WHAT YOU SHOULD DO = Exactly the line that contains "Jack with his" and the lines following it to the end of the data are to be reproduced, and nothing more.

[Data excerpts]
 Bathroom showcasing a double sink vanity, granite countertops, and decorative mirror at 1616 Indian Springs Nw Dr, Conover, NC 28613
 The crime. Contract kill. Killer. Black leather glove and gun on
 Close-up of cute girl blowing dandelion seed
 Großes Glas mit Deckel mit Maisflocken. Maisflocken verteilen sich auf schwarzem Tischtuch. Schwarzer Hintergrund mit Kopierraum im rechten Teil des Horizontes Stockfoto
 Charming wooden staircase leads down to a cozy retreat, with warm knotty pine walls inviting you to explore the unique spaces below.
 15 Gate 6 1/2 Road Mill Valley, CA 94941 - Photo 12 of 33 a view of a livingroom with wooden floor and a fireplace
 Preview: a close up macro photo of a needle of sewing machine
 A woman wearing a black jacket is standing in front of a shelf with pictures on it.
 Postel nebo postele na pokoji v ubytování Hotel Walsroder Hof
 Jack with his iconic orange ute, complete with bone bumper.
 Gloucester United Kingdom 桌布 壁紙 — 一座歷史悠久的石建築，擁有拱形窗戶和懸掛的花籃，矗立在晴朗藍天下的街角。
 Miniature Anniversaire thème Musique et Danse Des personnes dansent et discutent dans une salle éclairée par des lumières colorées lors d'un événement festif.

SOLUTION =
 Jack with his iconic orange ute, complete with bone bumper.
 Gloucester United Kingdom 桌布 壁紙 — 一座歷史悠久的石建築，擁有拱形窗戶和懸掛的花籃，矗立在晴朗藍天下的街角。
 Miniature Anniversaire thème Musique et Danse Des personnes dansent et discutent dans une salle éclairée par des lumières colorées lors d'un événement festif.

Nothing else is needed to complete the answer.